///Vangelo e commento di Don Luigi Maria Epicoco///
Dal Vangelo secondo Marco
Mc 11,11-25
[Dopo essere stato acclamato dalla folla, Gesù] entrò a Gerusalemme, nel tempio. E dopo aver guardato ogni cosa attorno, essendo ormai l’ora tarda, uscì con i Dodici verso Betània.
La mattina seguente, mentre uscivano da Betània, ebbe fame. Avendo visto da lontano un albero di fichi che aveva delle foglie, si avvicinò per vedere se per caso vi trovasse qualcosa ma, quando vi giunse vicino, non trovò altro che foglie. Non era infatti la stagione dei fichi.

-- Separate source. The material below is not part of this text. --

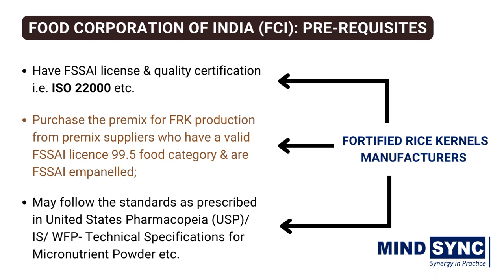For example, FRK manufacturers should have an FSSAI license or registration as well as quality certification such as ISO 22000. FRK manufacturers should procure the premix for FRK production from premix suppliers or vendors having a valid FSSAI license of 99.5 food categories as well as empanelled with FSSAI. The FRK manufacturer may follow the standards as prescribed in the United States Pharmacopeia, Indian standards, or World Food Programme technical specifications for micronutrient powder, until standards for vitamin and mineral premix are developed by FSSAI.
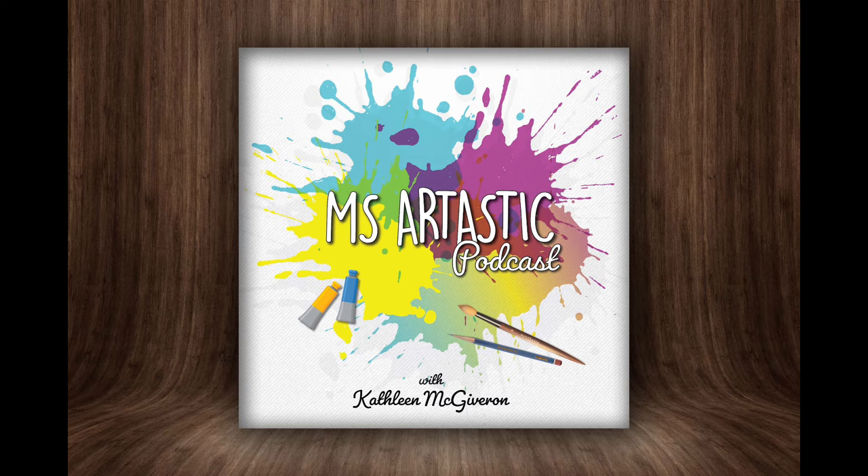Before we begin, make sure you sign up right now for my free Making Art with Kids challenge. I'm offering a free art lesson that will teach line art and felt marker paintings. It comes with a lesson plan, handout, and assessment — everything you need to teach the gecko line art project. Check it out at www.arttasticcollective.com/challenge or click the link in the podcast description.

Rivolto all’albero, disse: «Nessuno mai più in eterno mangi i tuoi frutti!». E i suoi discepoli l’udirono.
Giunsero a Gerusalemme. Entrato nel tempio, si mise a scacciare quelli che vendevano e quelli che compravano nel tempio; rovesciò i tavoli dei cambiamonete e le sedie dei venditori di colombe e non permetteva che si trasportassero cose attraverso il tempio. E insegnava loro dicendo: «Non sta forse scritto:
“La mia casa sarà chiamata
casa di preghiera per tutte le nazioni”?
Voi invece ne avete fatto un covo di ladri».
Lo udirono i capi dei sacerdoti e gli scribi e cercavano il modo di farlo morire. Avevano infatti paura di lui, perché tutta la folla era stupita del suo insegnamento. Quando venne la sera, uscirono fuori dalla città.
La mattina seguente, passando, videro l’albero di fichi seccato fin dalle radici. Pietro si ricordò e gli disse: «Maestro, guarda: l’albero di fichi che hai maledetto è seccato». Rispose loro Gesù: «Abbiate fede in Dio! In verità io vi dico: se uno dicesse a questo monte: “Lèvati e gèttati nel mare”, senza dubitare in cuor suo, ma credendo che quanto dice avviene, ciò gli avverrà. Per questo vi dico: tutto quello che chiederete nella preghiera, abbiate fede di averlo ottenuto e vi accadrà. Quando vi mettete a pregare, se avete qualcosa contro qualcuno, perdonate, perché anche il Padre vostro che è nei cieli perdoni a voi le vostre colpe».
Parola del Signore.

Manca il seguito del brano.